Uscire dai confini del centro urbano richiede però alcuni accorgimenti di sicurezza. Fuori dalla città è infatti possibile imbattersi nell’orso polare, un animale non aggressivo ma notoriamente curioso. Meglio quindi non avventurarsi da soli e disarmati. I fucili e i lanciarazzi, tuttavia, sono utilizzati con il solo scopo di spaventare, in caso di emergenza, l’animale e di farlo allontanare. Gli abitanti delle Svalbard hanno infatti un grande rispetto per questo animale, consapevoli di vivere nel suo territorio, ma adottano le giuste misure di precauzione.
Stavamo camminando da due ore in un paesaggio a dir poco lunare, quando improvvisamente la candida neve che scendeva si è trasformata in tempesta. All’orizzonte, il cielo si confondeva del tutto con il bianco della neve posata al suolo. Ci siamo rifugiati per pranzare e scaldarci in una grotta di ghiaccio dove, strano a dirsi, le temperature sono di circa -2 °C, mentre all’esterno raggiungono i -20 °C. Al loro interno si organizzano infatti veri e propri campeggi per vedere l’aurora boreale d’inverno, lontani dalle luci della città.

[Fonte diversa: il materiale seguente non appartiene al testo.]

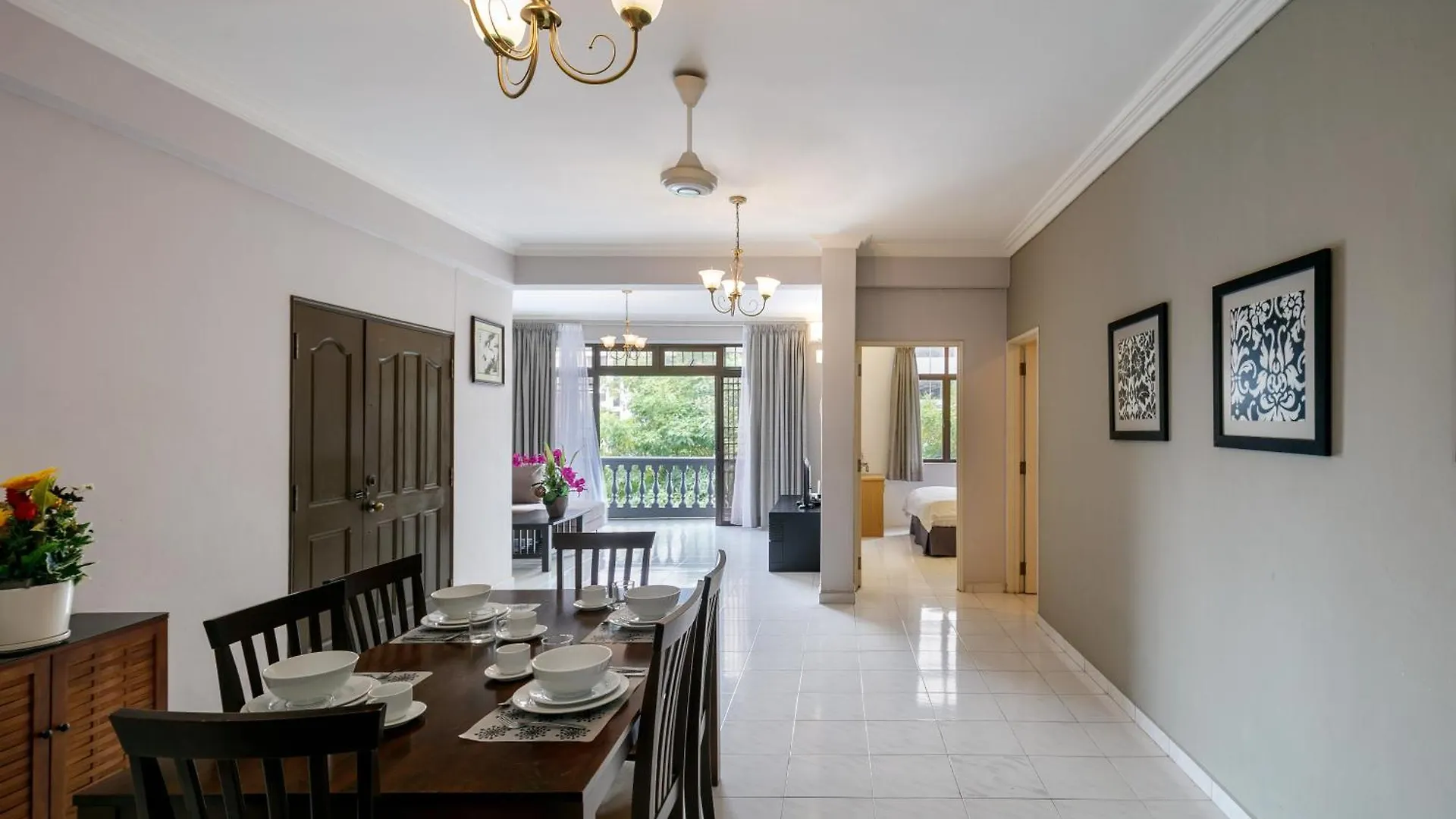 3-Bedroom Stay At Macalister Road & Georgetown, Noble Villa Penang 아파트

Pranzare qui è stata una delle esperienze più entusiasmanti della mia vita.
Nonostante aggirarsi all’esterno della città possa risultare pericoloso, gli scenari affascinanti che si prospettano valgono la pena di provarci. Meravigliosi ghiacciai, grotte di ghiaccio, paesaggi lunari e suggestivi colori del cielo si fondono alla fauna artica che comprende, fra le altre specie, le renne (diverse da quelle della Lapponia), la volpe artica e la pernice. D’estate è invece possibile vedere le pulcinelle di mare e numerosi altri volatili che popolano le scogliere dei fiordi.
Le Isole Svalbard sono diverse da qualsiasi posto che potete trovare nel mondo e i suoi abitanti, con le loro usanze, la loro gentilezza e la loro preparazione ai fenomeni atmosferici più difficili, mostrano un’insolita capacità di sopravvivere a stretto contatto con la natura. Sono loro il vero tesoro di questo posto, perché ci insegnano che l’uomo si può adattare molto più di quanto pensi.